Your task is to output, without alteration, each line from the one containing "New Women’s Nike" through the final line of the records below.

■ ■ ■

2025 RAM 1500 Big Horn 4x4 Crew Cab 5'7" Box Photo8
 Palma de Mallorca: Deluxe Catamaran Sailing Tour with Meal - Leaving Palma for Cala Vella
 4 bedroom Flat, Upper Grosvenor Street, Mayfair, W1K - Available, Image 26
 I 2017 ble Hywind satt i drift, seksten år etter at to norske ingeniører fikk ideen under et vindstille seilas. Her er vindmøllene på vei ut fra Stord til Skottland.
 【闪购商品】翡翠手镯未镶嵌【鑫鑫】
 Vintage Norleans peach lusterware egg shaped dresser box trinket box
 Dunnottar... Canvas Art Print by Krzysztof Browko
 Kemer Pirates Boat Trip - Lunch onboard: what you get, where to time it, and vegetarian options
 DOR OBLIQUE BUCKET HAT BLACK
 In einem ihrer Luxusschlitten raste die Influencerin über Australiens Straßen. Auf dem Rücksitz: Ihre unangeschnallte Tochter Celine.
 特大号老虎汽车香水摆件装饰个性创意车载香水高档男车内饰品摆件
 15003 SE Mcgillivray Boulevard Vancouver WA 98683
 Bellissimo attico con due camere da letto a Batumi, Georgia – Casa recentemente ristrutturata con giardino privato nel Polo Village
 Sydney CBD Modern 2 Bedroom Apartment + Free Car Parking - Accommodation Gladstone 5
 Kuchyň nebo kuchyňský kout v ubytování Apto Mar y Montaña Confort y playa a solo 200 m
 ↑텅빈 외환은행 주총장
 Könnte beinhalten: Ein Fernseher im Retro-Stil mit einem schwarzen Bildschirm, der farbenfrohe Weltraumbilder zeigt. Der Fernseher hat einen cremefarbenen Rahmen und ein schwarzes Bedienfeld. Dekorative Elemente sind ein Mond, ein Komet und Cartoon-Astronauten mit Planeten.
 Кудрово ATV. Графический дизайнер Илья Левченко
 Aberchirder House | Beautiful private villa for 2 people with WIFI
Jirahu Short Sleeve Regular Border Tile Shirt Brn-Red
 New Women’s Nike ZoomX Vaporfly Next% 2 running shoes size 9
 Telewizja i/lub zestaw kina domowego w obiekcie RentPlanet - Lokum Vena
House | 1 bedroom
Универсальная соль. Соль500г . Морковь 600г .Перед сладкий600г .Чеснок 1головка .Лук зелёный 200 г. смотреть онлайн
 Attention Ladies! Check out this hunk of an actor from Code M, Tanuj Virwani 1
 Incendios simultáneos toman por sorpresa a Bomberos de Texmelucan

■ ■ ■

* **Task output**:
 New Women’s Nike ZoomX Vaporfly Next% 2 running shoes size 9
 Telewizja i/lub zestaw kina domowego w obiekcie RentPlanet - Lokum Vena
House | 1 bedroom
Универсальная соль. Соль500г . Морковь 600г .Перед сладкий600г .Чеснок 1головка .Лук зелёный 200 г. смотреть онлайн
 Attention Ladies! Check out this hunk of an actor from Code M, Tanuj Virwani 1
 Incendios simultáneos toman por sorpresa a Bomberos de Texmelucan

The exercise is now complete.